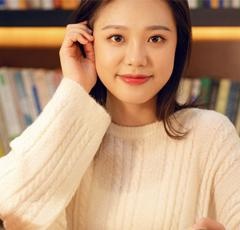 渴望系统学习顺利过级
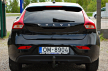 VOLVO V40 MOMENTUM
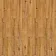 Виниловый пол SPC Korner Solid Floor Дуб Тарвос 2510-3-thumb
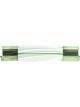 Jaylec 3Ag Glass Fuse 7.5Amp [ref Narva 52307] Pack 50
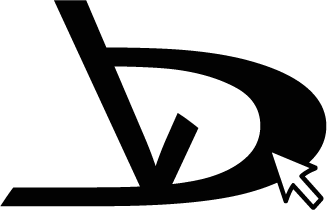 logo vainodigital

==============================

WORK TASK - From the line containing "Jaylec 3Ag Glass" to the final line of the entries, both included, transcribe every line exactly, omit the pictures, and add nothing more.

EXPECTED ANSWER -
 Jaylec 3Ag Glass Fuse 7.5Amp [ref Narva 52307] Pack 50
 logo vainodigital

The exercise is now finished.